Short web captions

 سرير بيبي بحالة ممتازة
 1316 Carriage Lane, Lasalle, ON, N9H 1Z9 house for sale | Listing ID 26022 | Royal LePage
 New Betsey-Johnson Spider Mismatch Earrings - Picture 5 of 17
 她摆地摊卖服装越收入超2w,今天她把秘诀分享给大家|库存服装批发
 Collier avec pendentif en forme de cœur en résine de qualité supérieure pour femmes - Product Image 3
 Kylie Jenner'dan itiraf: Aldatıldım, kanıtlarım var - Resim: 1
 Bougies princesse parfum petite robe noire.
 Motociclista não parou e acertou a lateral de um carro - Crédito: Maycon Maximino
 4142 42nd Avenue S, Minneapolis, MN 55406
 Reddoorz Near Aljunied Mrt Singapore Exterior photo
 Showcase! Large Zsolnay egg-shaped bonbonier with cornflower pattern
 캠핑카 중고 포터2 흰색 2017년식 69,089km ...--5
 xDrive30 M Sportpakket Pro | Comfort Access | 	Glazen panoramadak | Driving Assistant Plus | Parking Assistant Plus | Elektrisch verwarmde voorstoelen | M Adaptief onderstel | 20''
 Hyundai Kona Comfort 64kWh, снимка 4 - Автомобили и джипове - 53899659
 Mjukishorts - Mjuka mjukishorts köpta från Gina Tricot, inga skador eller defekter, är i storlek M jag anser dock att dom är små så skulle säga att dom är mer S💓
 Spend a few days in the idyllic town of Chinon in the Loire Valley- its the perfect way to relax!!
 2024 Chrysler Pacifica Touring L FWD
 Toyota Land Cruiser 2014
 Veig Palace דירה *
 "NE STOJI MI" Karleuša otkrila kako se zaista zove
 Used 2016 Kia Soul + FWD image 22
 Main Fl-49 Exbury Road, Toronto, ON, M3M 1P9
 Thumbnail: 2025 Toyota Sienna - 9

▸ Exercise description:
Set down again, word for word, the stretch of records from the line with "Motociclista não parou" to the line with "캠핑카 중고 포터2 흰색 2017년식 69,089km ...--5", both of those lines included.

▸ Reply:
 Motociclista não parou e acertou a lateral de um carro - Crédito: Maycon Maximino
 4142 42nd Avenue S, Minneapolis, MN 55406
 Reddoorz Near Aljunied Mrt Singapore Exterior photo
 Showcase! Large Zsolnay egg-shaped bonbonier with cornflower pattern
 캠핑카 중고 포터2 흰색 2017년식 69,089km ...--5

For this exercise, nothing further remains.